“True Blood” star Alexander Skarsgård has gained American heartthrob status as the show’s thousand-year-old Viking vampire Alex, but even if the role is clearly make-believe, the Nordic charm is all his. Son of famed actor Stellan Skarsgård, the Stockholm-born thespian has a long and storied career in his homeland, from becoming a child actor to being named the sexiest man in Sweden circa 1999. Not to be confused with his upcoming part in Lars von Trier’s highly anticipated sci-fi flick “Melancholia,” Skarsgård the younger’s latest project is director Tarik Saleh’s highly stylized, animated sci-fi flick “Metropia.”
Set in a dystopian world of the not-far-off future where the world’s resources are running out and the metro system connects all of Europe, “Metropia” concerns a newly paranoid Swedish everyman Roger (voiced by Vincent Gallo) as he begins to hear a voice in his head that isn’t his own. In fact, it’s Stefan’s (enter Skarsgård), a company man who begins to have second thoughts about his government gig monitoring citizens and their inner thoughts. While on the set of “True Blood,” now shooting its third season, Skarsgård called me to talk Glögg parties, filthy cartoons, and his real-life stint as an anti-terrorist marine.
This may be a general worldview question, but if things continue as they are, could you see the world becoming as dystopian as it is in “Metropia”?
[laughs] Hopefully not. But we’re headed in a direction where big corporations take over more and more. People in Western Europe and especially in the States have some distrust, a feeling that the government doesn’t really represent the people, that they’re almost like an enemy now. In a weird way, people almost trust Coca-Cola more than their own government. This new law that the Supreme Court passed where there’s no cap on how much big corporations can pump into election campaigns, it definitely means that corporations will have so much more impact.
It was already slanted through the leverage that they had versus the average guy. It’s harder for individuals to make their voices heard now. So I’m not going to take us down the road to “Metropia,” but what I was fascinated and intrigued by when I read the script was that it wasn’t science fiction! [laughs] I could draw parallels to our society today — a city like London, where they have something like 50,000 CCTV cameras, so you’re always being watched. With blogs and Twitter and Facebook, people always keep track of each other in a quite disturbing way.
Your character is quite the company man, even though he does show some heart. Could you relate to his role in life, or do you have more anti-authoritarian inclinations?

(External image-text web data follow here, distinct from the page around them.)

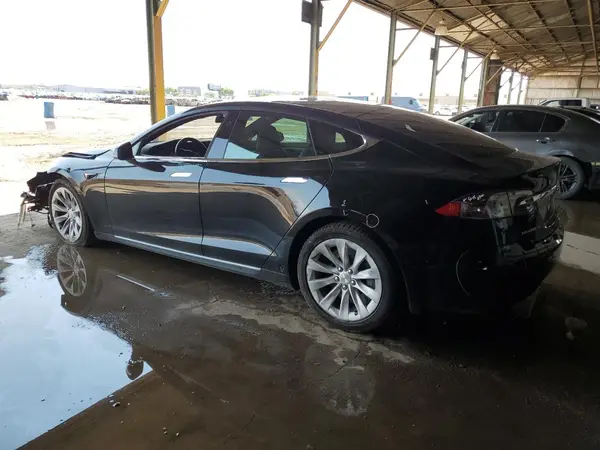 5YJSA1E27JF264759 2018 TESLA MODEL S - Image 2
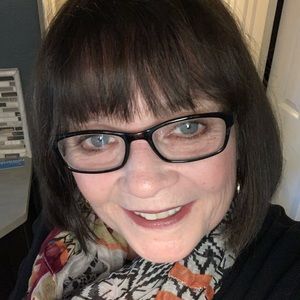 Meet your Posher, Peggy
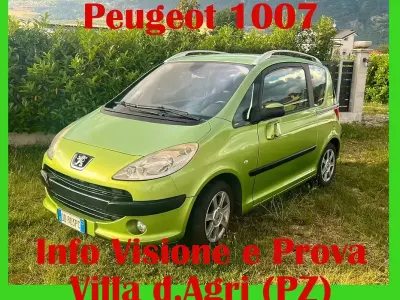 Usata Peugeot 1007 68 CV (50 kW) 2006 Verde Monovolume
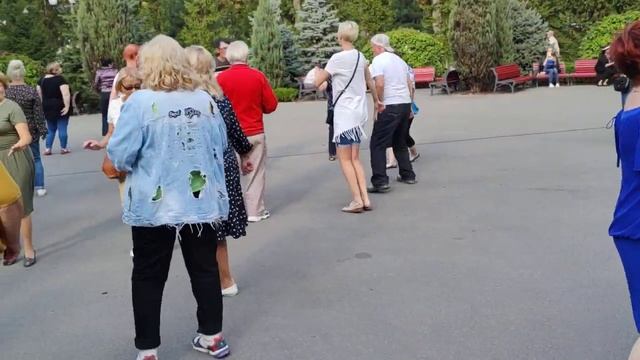 Всё пучком Танцы в парке Горького Харьков Сентябрь 2021 смотреть онлайн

I’m slightly more anti-authoritarian than Stefan, but I definitely understand him. I played the guy, so I have to understand him, make him believable, and back him up. He is a little guy caught in this spider web, you know? He’s just trying to do his job, like a lot of people working for huge corporations who are trying to survive and feed their families. In Stefan’s case, he doesn’t really reflect on the moral issue of what it is he’s doing or where society has gone.
All animated films are different and this has such an idiosyncratic style. What was the voice work process like, from coming up with your vocal characterization to the technical process?
I’ve done animated movies before, but the thing that was amazing about this was we recorded it two years before Tarik started to animate, and then he spent two years finishing the movie. I’ve never had that luxury before. The stuff that I’ve done was already animated. You come in, watch it on a big screen and try to lip sync. You’re more confined in terms of hitting certain beats or timing. This was just me and Tarik in the room, so we could play around. If something wasn’t working, I could ad-lib, adding or dropping a line if I wasn’t happy with it. It was a great experience.
You’ve been friendly with Tarik for a while. How were you introduced?
I met Tarik in Los Angeles five years ago through some mutual Swedish friends. We celebrated Christmas together here in L.A, and I got kind of an instant man crush on him. He’s such a brilliant and interesting man. He was out here for two weeks, I believe, and we just had amazing conversations and talked about everything and nothing. We spent hours and hours discussing his idea for “Metropia.”
Then I went to Africa to shoot “Generation Kill,” this miniseries I did, and it was when I was out in Africa when he called: “We’re recording now, is there any chance we can get you in the studio?” I was down there for seven months, but I had a weekend off, so I flew to Stockholm, went into the studio, spent a day and a half with Tarik, then flew all the way back down to Namibia.